#### [What the exercise asks]
Repeat the listing word for word. No pictures belong in the copy.

#### [Dataset excerpt]

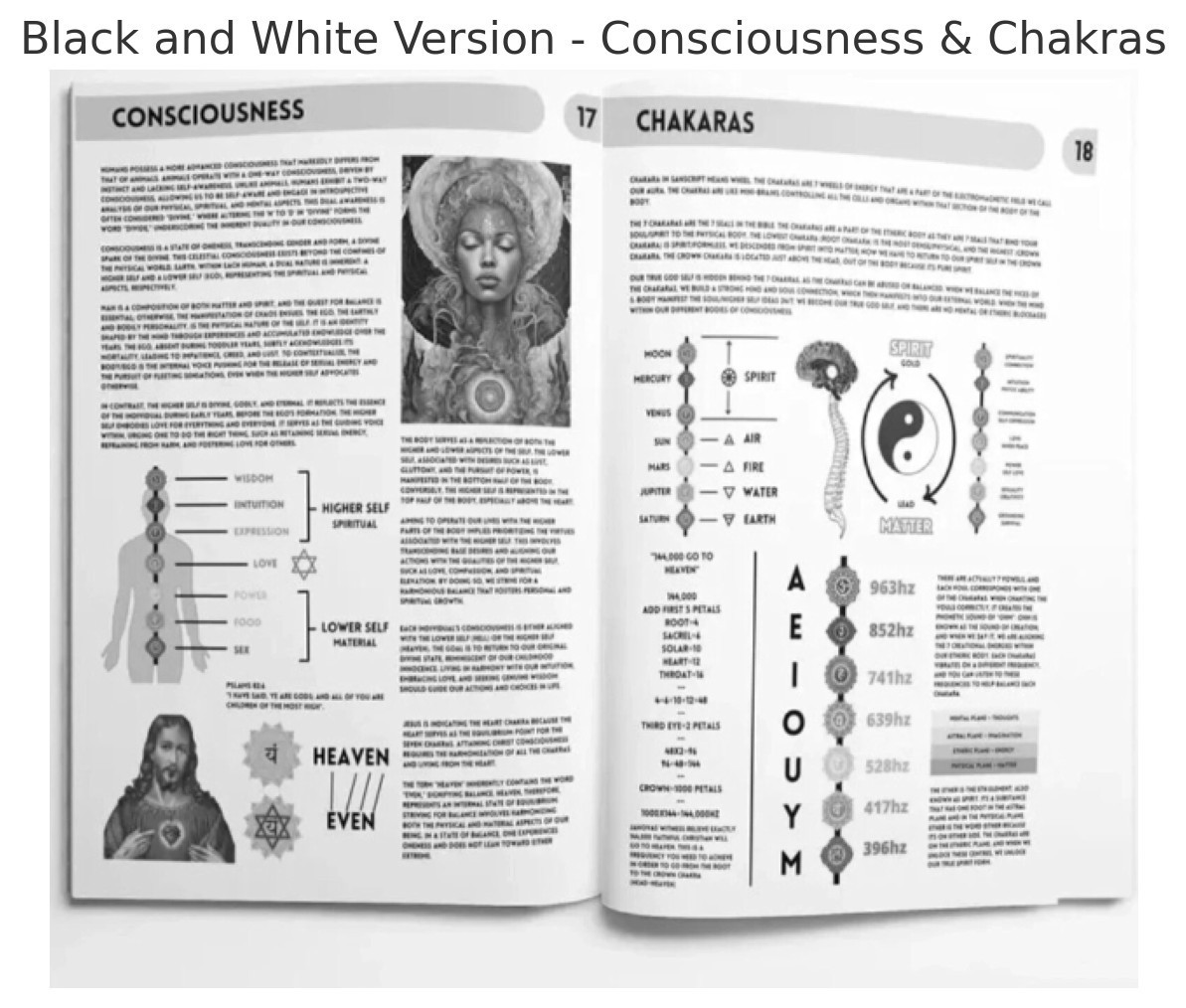 Book of Wisdom Volumes 1 & 2 by Harry B. Joseph -Paperback Bundle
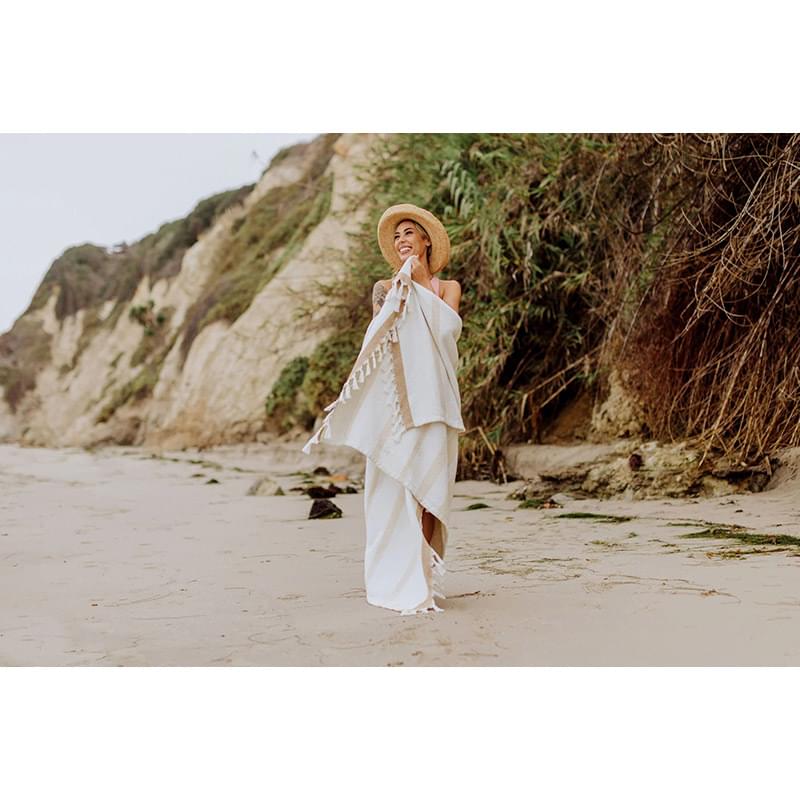 Oceanside Beach Blanket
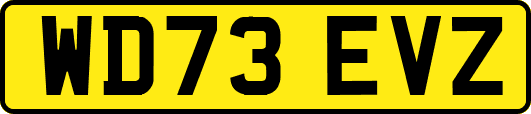 WD73EVZ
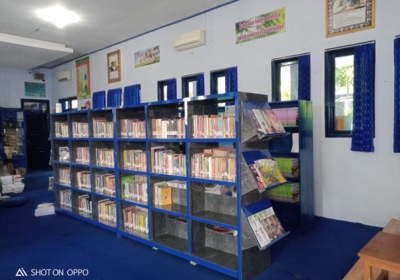 Perpustakaan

#### [Solved exercise]
 Book of Wisdom Volumes 1 & 2 by Harry B. Joseph -Paperback Bundle
 Oceanside Beach Blanket
 WD73EVZ
 Perpustakaan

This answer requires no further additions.